Life cycle Darkling beetles follow a life history known as complete metamorphosis. Like butterflies and moths, they go through four distinct stages during their life cycle. A female beetle lays eggs, as many as 500 in her brief lifetime of a month or two. The eggs are about the size of the period at the end of this sentence. After a couple of weeks the equally tiny larvae emerge from the eggs. The larvae are known as mealworms, but of course they are not true worms. The larvae are golden yellow and have 12 body segments. They are the counterpart of the familiar caterpillar in the butterfly story. Mealworms pull themselves around on six stubby legs that are all crowded at the front.

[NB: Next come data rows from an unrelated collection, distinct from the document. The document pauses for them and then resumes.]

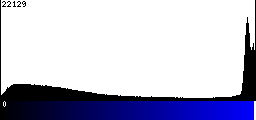 Blue Histogram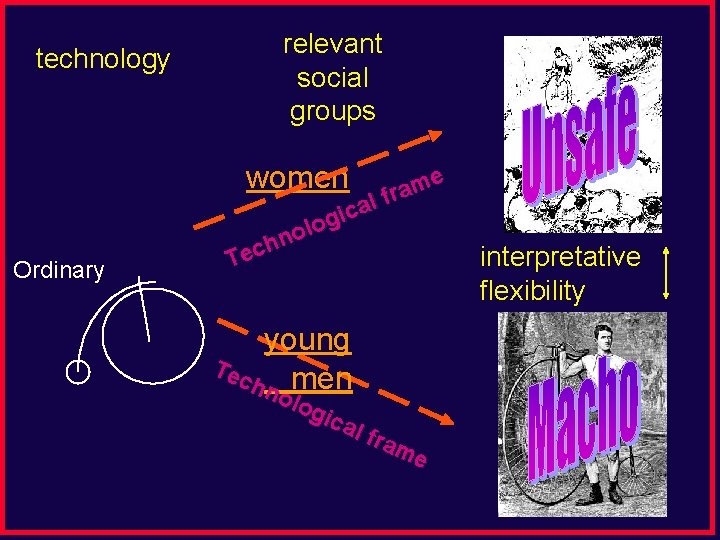 technology relevant social groups women Ordinary e m a fr l a ic g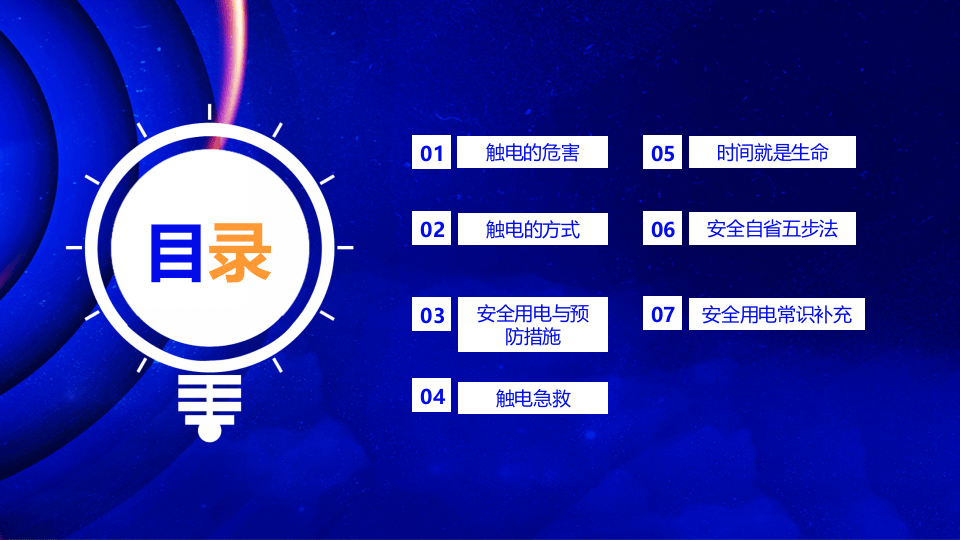 企业安全用电管理培训.pptx 第2页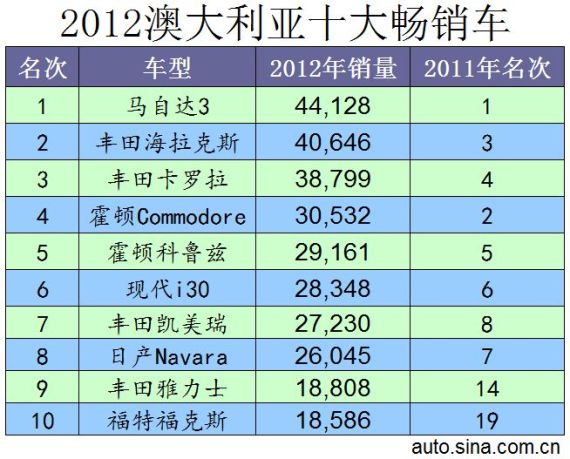 2012澳大利亚十大畅销车 马自达3夺魁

The larvae seem to have two purposes in life: eat and grow. Beetles are arthropods, and like all members of their phylum they wear their skeleton on the outside like a suit of armor. This is very practical when they are being attacked, but very inconvenient when they are trying to grow. The arthropods have solved this problem by shedding (molting) their shell periodically. Immediately following the molt the soft, white larvae expand before the new larger shell hardens. This process may repeat half a dozen or more times over a 3-month period, after which time the larvae are about 2 cm (3/4″) long. The final larval molt reveals the next stage, the pupa.
The pupae don’t eat and they don’t move except for a twitch or two when disturbed. Inside, however, the mealworm is turning into a beetle, much the same as a caterpillar turns into a butterfly while sequestered inside the chrysalis. In 2 or 3 weeks the pupa splits open and out walks a beetle, white at first, but soon turning to brown and finally black after a day. The beetles mate and lay eggs, and the cycle repeats.